The following entries are to be repeated exactly, and the pictures are to be left behind.

+---+

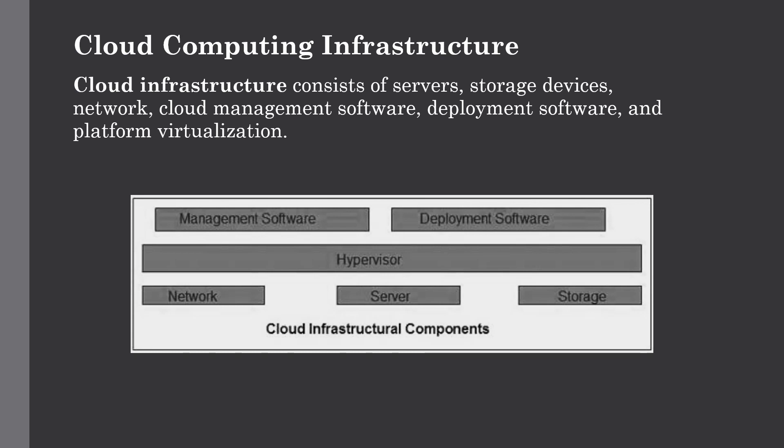The network is the key component of cloud infrastructure. It allows you to connect to your cloud services over the internet. It is also possible to deliver network as a utility over internet, which clearly means the customer can customize the network route and protocols according to their requirements.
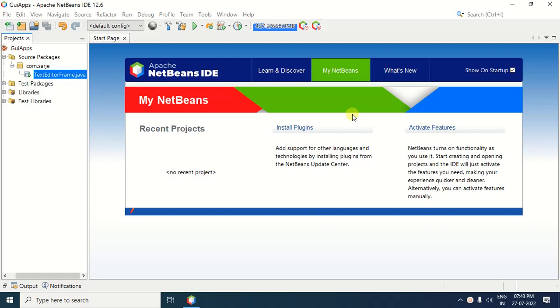Hello everyone. In this video, you will learn how to add an internal JFrame in JFrame. So let us get started now.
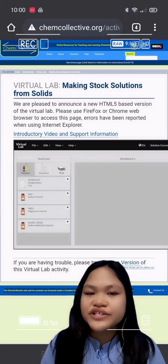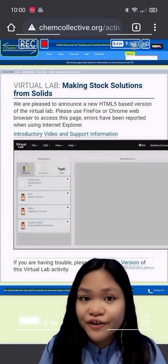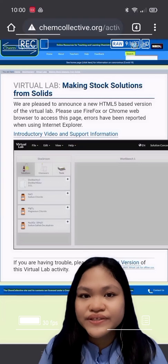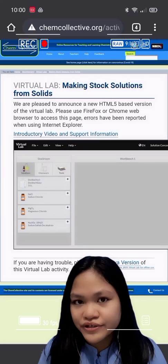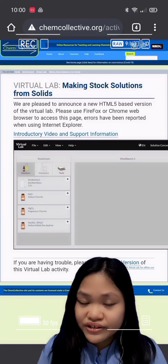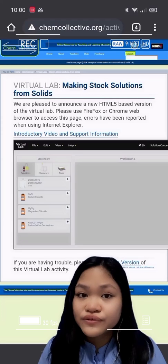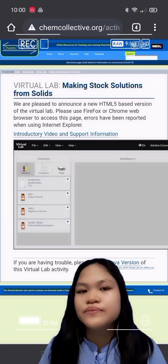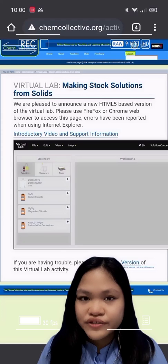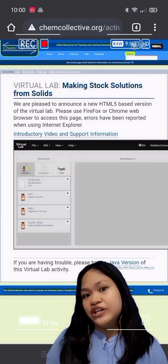Good day everyone. I am Rachel Solid, a first-year BS Psychology student, and I am one of the students of Mrs. Alfa in Chemistry. Today I'll be demonstrating how to do the virtual lab in making stock solutions from solid — more specifically the topic of Stoichiometry and Limiting Reagents of a Jell-O Problem.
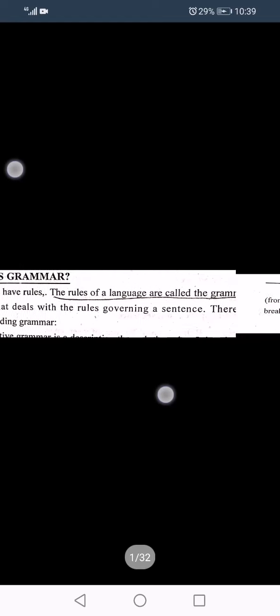Now we move towards linguistics. We have already covered two lectures and will now wind up. First of all, we will define grammar. Grammar refers to the rules of a language — the rules that govern sentences.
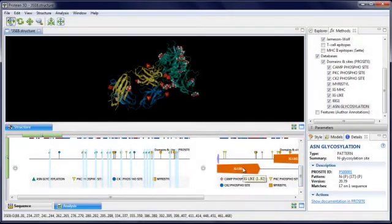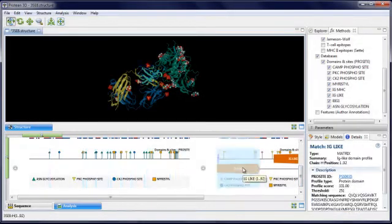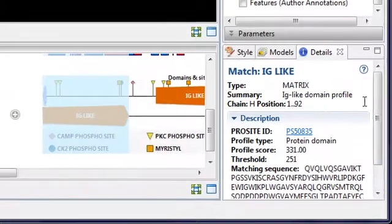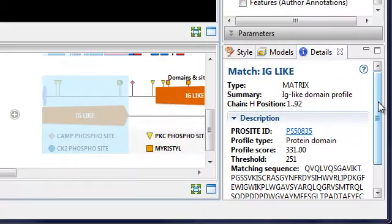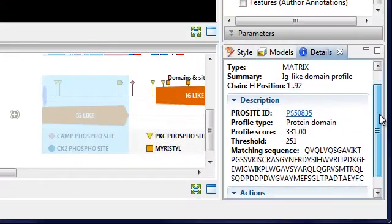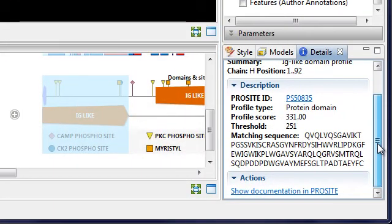Also notice that with each selection, information about the pattern match is shown in the details panel.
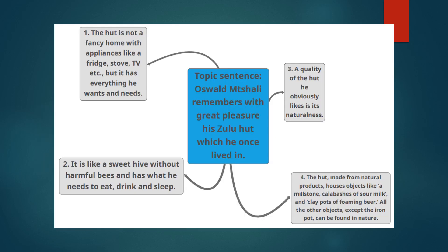We have planned our mind map with the topic sentence: Oswald Mchali remembers with great pleasure his Zulu Hut, which he once lived in. Pause the video to have a look at our support sentences. We have got four, with detailed and concrete evidence from the poem to support the main ideas.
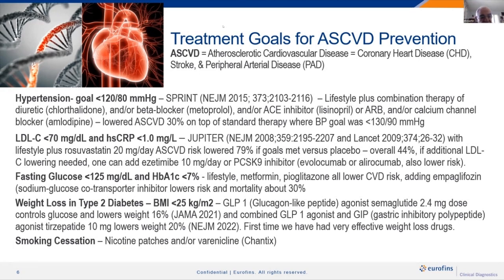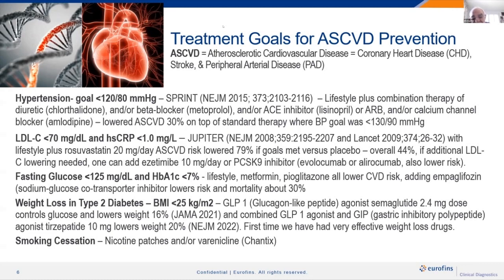For blood sugar, we've always had lifestyle, metformin, and pioglitazone, which have been shown to lower risk. Now we have sodium-glucose co-transporter inhibitors that lower risk and mortality on top of those agents. What's emerged in the last two years is GLP-1 agonists — injectable, given once a week — the first truly effective weight loss medications. They require a prescription and are designed for type 2 diabetes, but more and more people are using them for weight loss. For smoking cessation, we have nicotine patches and Chantix, which is quite effective.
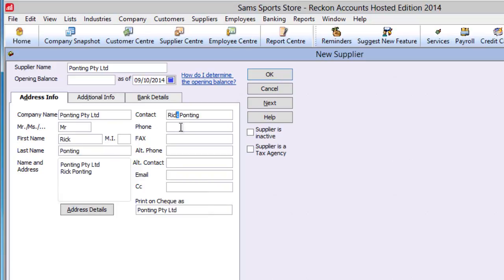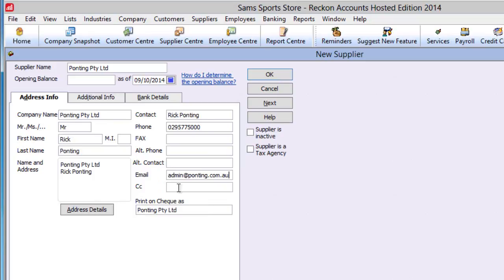Further useful information is the contact, which automatically populates a contact number like telephone and email. You can copy others regularly onto communications by listing them in the CC field.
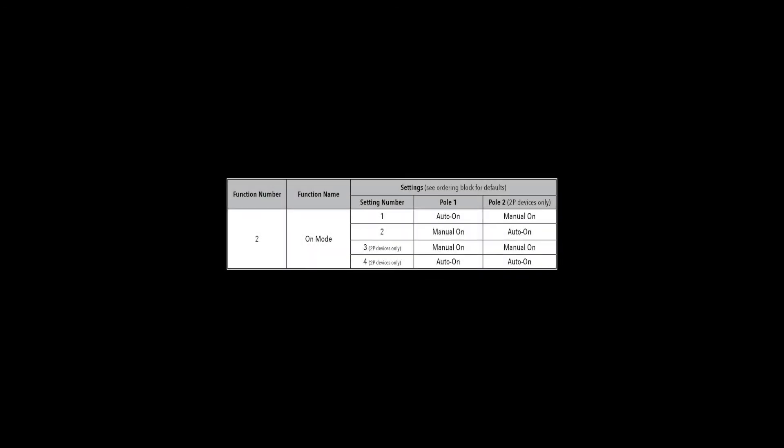The available functions and settings for the S-Pod M is limited to the on mode function, which allows you to select manual on or automatic on. Here we see the on mode function for the S-Pod M as function 2, and a single-pole switch only has two settings, auto on setting 1, which is default, or manual on setting 2.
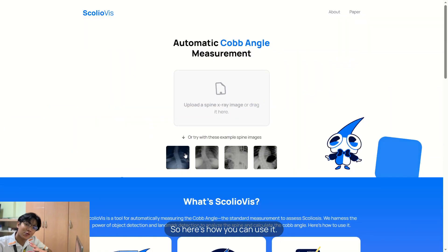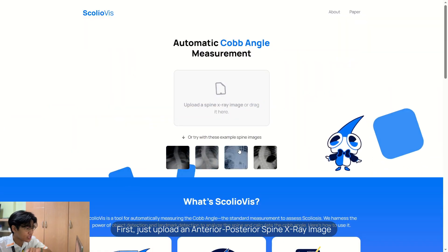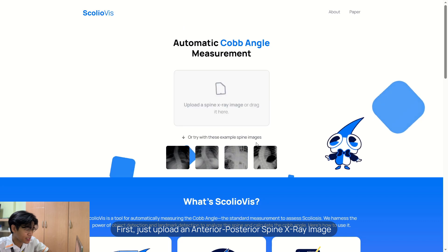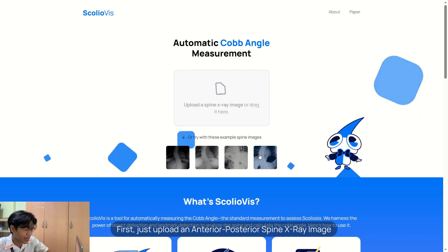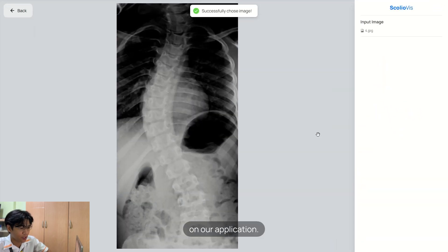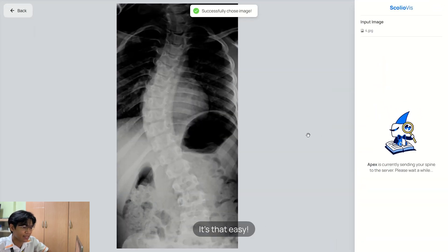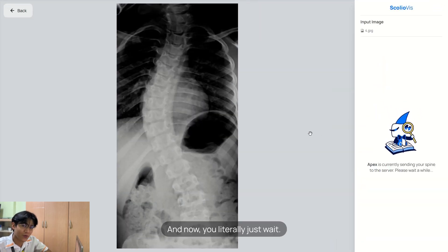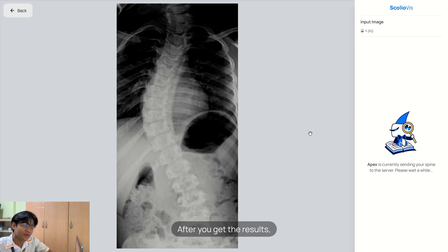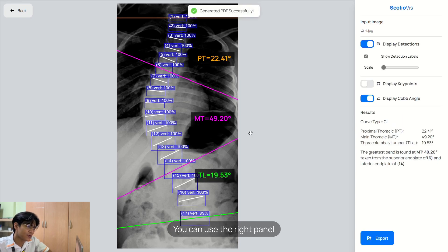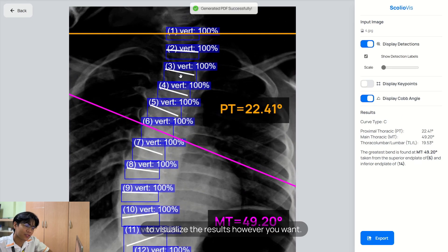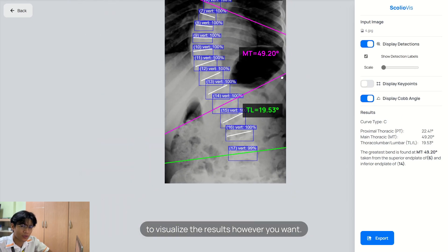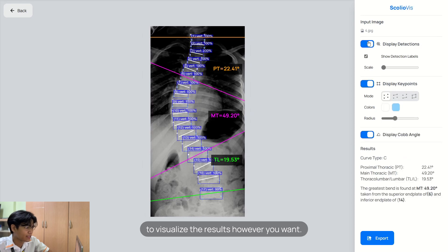Here's how you can use it. First, just upload an anterior-posterior spine x-ray image on our application — it's that easy. You'll literally just wait, and after you get the results, you can use the right panel to visualize the results however you want.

+---+

• **Your response**:
The network is the key component of cloud infrastructure. It allows you to connect to your cloud services over the internet. It is also possible to deliver network as a utility over internet, which clearly means the customer can customize the network route and protocols according to their requirements.
Hello everyone. In this video, you will learn how to add an internal JFrame in JFrame. So let us get started now.
Good day everyone. I am Rachel Solid, a first-year BS Psychology student, and I am one of the students of Mrs. Alfa in Chemistry. Today I'll be demonstrating how to do the virtual lab in making stock solutions from solid — more specifically the topic of Stoichiometry and Limiting Reagents of a Jell-O Problem.
Now we move towards linguistics. We have already covered two lectures and will now wind up. First of all, we will define grammar. Grammar refers to the rules of a language — the rules that govern sentences.
Also notice that with each selection, information about the pattern match is shown in the details panel.
We have planned our mind map with the topic sentence: Oswald Mchali remembers with great pleasure his Zulu Hut, which he once lived in. Pause the video to have a look at our support sentences. We have got four, with detailed and concrete evidence from the poem to support the main ideas.
For blood sugar, we've always had lifestyle, metformin, and pioglitazone, which have been shown to lower risk. Now we have sodium-glucose co-transporter inhibitors that lower risk and mortality on top of those agents. What's emerged in the last two years is GLP-1 agonists — injectable, given once a week — the first truly effective weight loss medications. They require a prescription and are designed for type 2 diabetes, but more and more people are using them for weight loss. For smoking cessation, we have nicotine patches and Chantix, which is quite effective.
Further useful information is the contact, which automatically populates a contact number like telephone and email. You can copy others regularly onto communications by listing them in the CC field.
The available functions and settings for the S-Pod M is limited to the on mode function, which allows you to select manual on or automatic on. Here we see the on mode function for the S-Pod M as function 2, and a single-pole switch only has two settings, auto on setting 1, which is default, or manual on setting 2.
Here's how you can use it. First, just upload an anterior-posterior spine x-ray image on our application — it's that easy. You'll literally just wait, and after you get the results, you can use the right panel to visualize the results however you want.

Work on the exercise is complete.